Eh bien, la poésie dans l'écriture de Hegel m'a échappé jusqu'ici !! Je ne sais pas DE QUOI ça parle. Mais qu'est-ce que c'est que cette Idée, cette Volonté (toujours en majuscule)? Je n'y ai toujours rien perçu de "vivant et d'effervescent" mais un discours opaque qui se dit dans un monde fermé qui n'est pas le nôtre.
Tu expliques Heisenberg en deux lignes qui disent tout, quand Hegel en aurait fait 500 pages qui ne me disent rien. Mais il l'aurait plus probablemet nié comme non conforme à la Raison.

Comme je fais confiance à mes aînés, je me dis qu'il y a peut-être une porte d'entrée pour être apte à juger ces ouvrages. Mais où sont les clés ?
Commentaire n°1 posté par René le 22/09/2009 à 14h22
Merci René. Te connaissant, je me rappelle que tu aimais bien Kant : le style de Hegel est complètement différent et le fond aussi.
Le problème avec Hegel, c'est que pour entrer dans sa pensée, il faut déjà être initié par un hégélien. J'ai eu la chance d'avoir un professeur exceptionnel sur Hegel, à Lyon. Il nous l'avait présenté comme un penseur extrêmement subtil et humble (finalement après la traversée de tous les moments de l'Esprit, Hegel retombe dans l'expérience simple de la conscience, une sorte d'état contemplatif). On en reste souvent à cette idée d'une Raison au sens d'un rationalisme absolu et tout puissant. De plus, plus que la raison, c'est l'Esprit qui importe. Ou la raison comme synthèse de l'Esprit (la raison philosophique, il faut entendre). Les mots sont trompeurs.
C'est ce côté "absolu" qu'avait perçu et rejeté Kierkegaard. Mais on peut tout-à-fait lire cet absolu non au sens d'une globalité, mais au sens d'une infinité.
Partir du tout pour descendre vers les éléments... et saisir de quoi Hegel parle derrière tel ou tel moment de la dialectique (ce n'est pas évident si quelqu'un ne nous l'a pas dit), je ne l'ai compris qu'après l'enseignement de ce prof.
Je l'ai aussi découvert grâce à la théologie : Ganoczy (qui le présente admirablement bien), Labarrière (qui est son défenseur), Balthasar (qui ne peut pas le sentir). Et il y a une étrange parenté entre l'être qui fait l'expérience du Soi par sa négativité, et certains thèmes de la Kabbale juive, voire de la théologie paulinienne.
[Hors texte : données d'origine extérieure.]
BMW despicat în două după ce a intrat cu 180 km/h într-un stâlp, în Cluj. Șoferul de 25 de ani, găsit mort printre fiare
J'ai eu d'autres clés qui étaient sensées m'ouvrir d'autres portes d'entrée... où je n'ai rien compris... Comme quoi !
 
Hegel est aussi l'ancêtre de la phénoménologie : pour comprendre la philosophie, il faut la lire de l'intérieur, comme une expérience, et non la voir comme une somme, une science, un manuel ou un discours qu'on lit de manière détachée.
Aujourd'hui, j'ai du mal à m'en passer et souvent je lis les événements du monde (culturels, philosophiques, socio ou psycho-socio) à travers quelques unes de ses lunettes. La dialectique de la conscience et de la conscience de soi est fondamentale. Je trouve ses approches de la religion et de l'art très originales. Malheureusement, il n'est pas musicien (à la différence de Nietzsche par exemple). On n'est pas obligé de le suivre dans sa vision politique qui a bien vieilli (Marx est passé par là, en cours de route !). Il manque aussi, me semble-t-il, une philosophie de l'intersubjectivité et de l'amitié. Il renvoie l'amour à l'insondable de la philosophie. Dommage.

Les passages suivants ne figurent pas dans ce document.